El alirón que no fue
Raúl preparó la celebración del título y la policía despejó la Cibeles de aficionados
"Raúl no es el típico capitán", dice un compañero suyo, pidiendo por favor que se respete su anonimato, no sea que se enfaden con él. "Él es más torero que futbolista", explica. "Lo ves cuando se viste, cuando se pone las medias, las botas Es una ceremonia. Es Raúl contra el toro".
Raúl practica un individualismo tan escrupuloso que hay quien tiene la sensación de que su ensimismamiento es una manera mística de preocuparse por el prójimo.
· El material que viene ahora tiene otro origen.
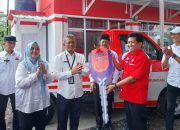 Head Regional Micro Banking BRI Bandar Lampung, Rahmad Budi Sulistia, menyerahkan bantuan mobil operasional kepada pengurus Koperasi Desa Merah Putih (KDMP) Bumisari, sebagai wujud dukungan terhadap penguatan ekonomi desa melalui layanan BRILink dan koperasi digital.
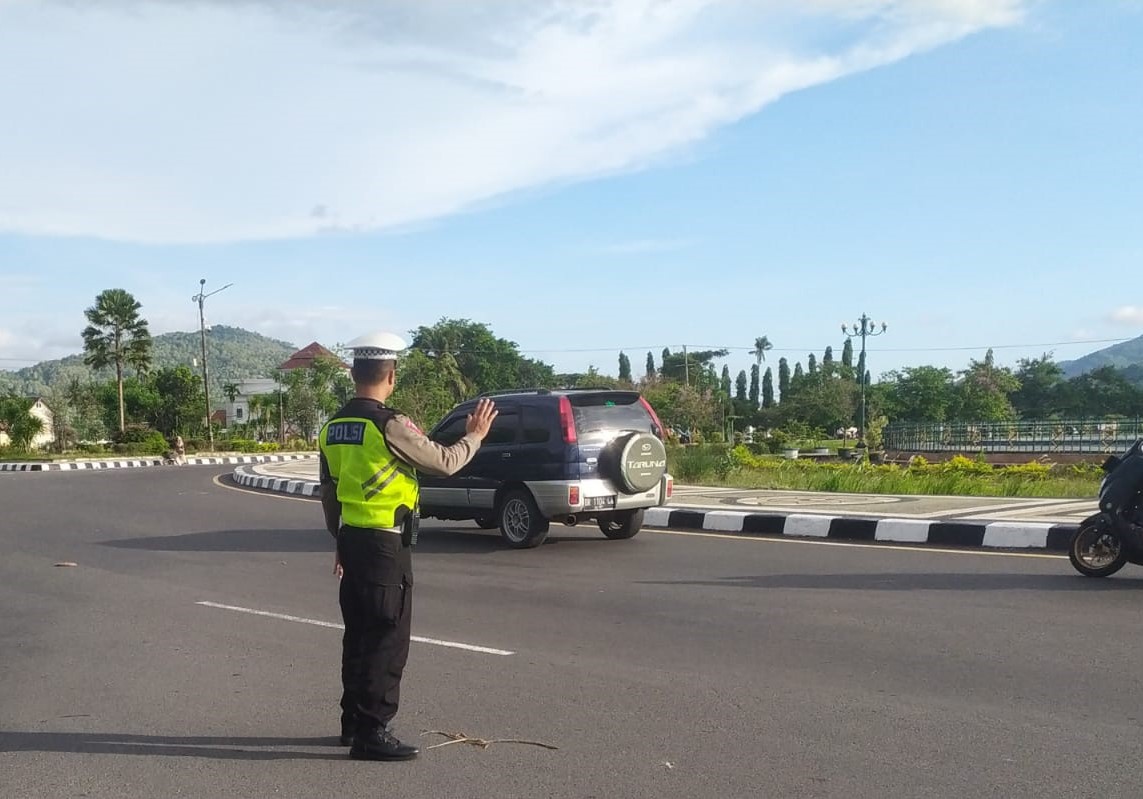 Kegiatan Pengaturan dan Patroli Lalu Lintas untuk Menjaga Kamseltibcarlantas Menjelang Pemilu Serentak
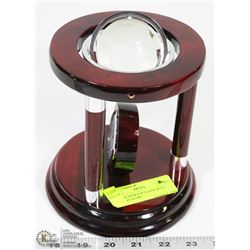 QUARTZ DESKTOP CLOCK WITH ROLLING GLOBE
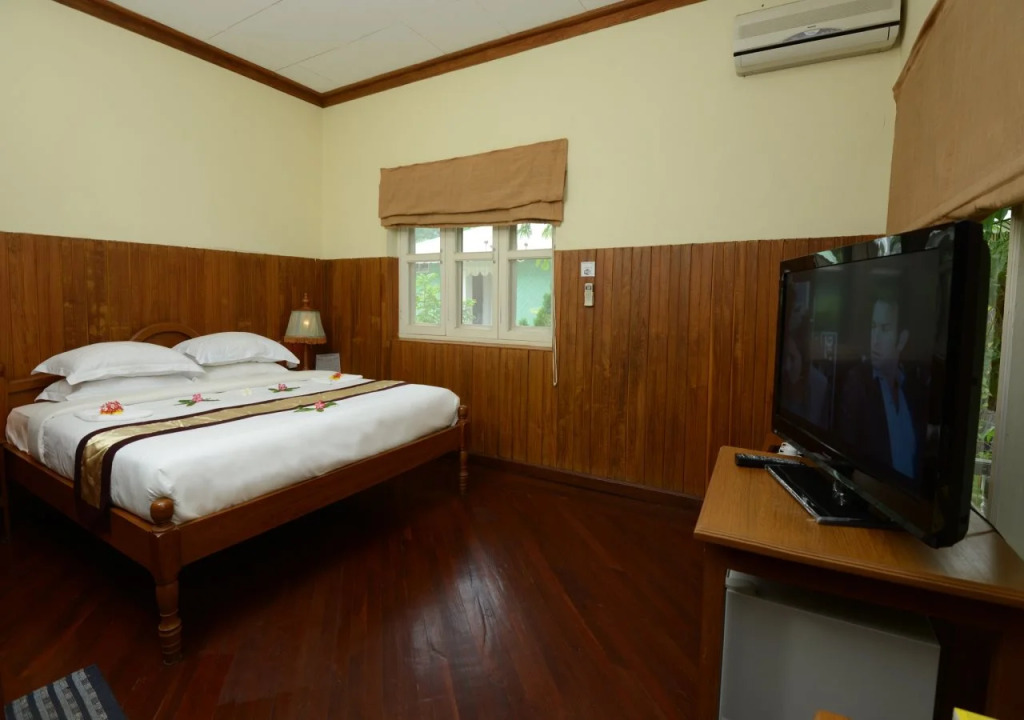 Kyaw Hotel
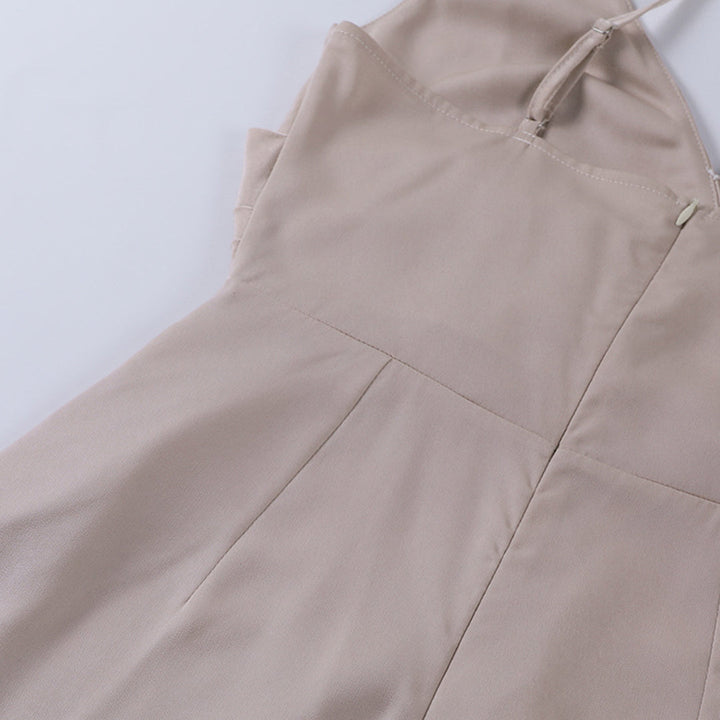 Beiges ärmelloses Kleid aus Baumwolle, elegantes Design, Damenmode, Sommerkleidung.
Uno de sus rituales más notoriamente taurinos es la exhibición del capote cada vez que gana un título de Liga. Ayer, el hombre preparó la parafernalia, por si acaso festejaba el sexto. Pero no hubo lugar a la ceremonia. Para cuando Teixeira Vitienes pitó el final del partido en Heliópolis, los jugadores del Madrid y el Athletic de Bilbao todavía no salían al túnel de vestuarios. El capitán debió hacer un ejercicio de limpieza mental antes de saltar al campo encabezando la fila madridista. Después de la victoria del Villarreal, en la imaginación del delantero quedaron fuera de juego tanto los becerros como los vitorinos. Él mismo, tal vez, no logró apartar los fantasmas de la capea, y adoleció de cierto distanciamiento de las cosas del balón cuando empezó el partido. Esto se puso de relieve en la perplejidad con la que observó las paredes que fueron tirando Robinho y Saviola. Mientras los otros delanteros se pasaban la pelota sin mirarse, él debía hacer un ejercicio de interpretación cada vez que intentaba asociarse a ellos. Como si los sudamericanos practicasen otra disciplina.
Los acontecimientos de Sevilla no sólo desanimaron a Raúl, sustituido en la segunda parte. Como si la hinchada hubiese establecido una conexión telepática con su capitán, el Bernabéu se quedó absorto en pensamientos desaforados. La gente vivió con más tensión el rato que vio por la tele el Betis-Villarreal que la hora y media que pasó sentada en su localidad de abono. Luego de los fallos de José Mari y las carreras vanas de Tomasson en Heliópolis, el público asistió al partido de Madrid en un estado parecido a la ensoñación. Pensando en el alirón que pudo ser y no fue.
La multitud de madridistas iba tan lanzada que, el que no fue a Chamartín, se encaminó a la Cibeles. Sin esperar al resultado de Sevilla. Sin hacer caso al gol de Senna. Como si el destino ya les hubiese señalado la fecha y la hora del alirón del 31º título de Liga. La descolocación fue masiva. Antes de que empezara el duelo en el Bernabéu, la policía tuvo que despejar la Cibeles de cientos de aficionados traicionados por el optimismo. Ante tremendo estado de desengaño, sólo el gol de Saviola logró enchufar a la gente de nuevo a la realidad. Al menos en apariencia. Con el tercer gol, el de Higuaín, la parcialidad se desgañitó en un canto de reafirmación emocional: "¡Campeones, campeones, oé, oé, oé!".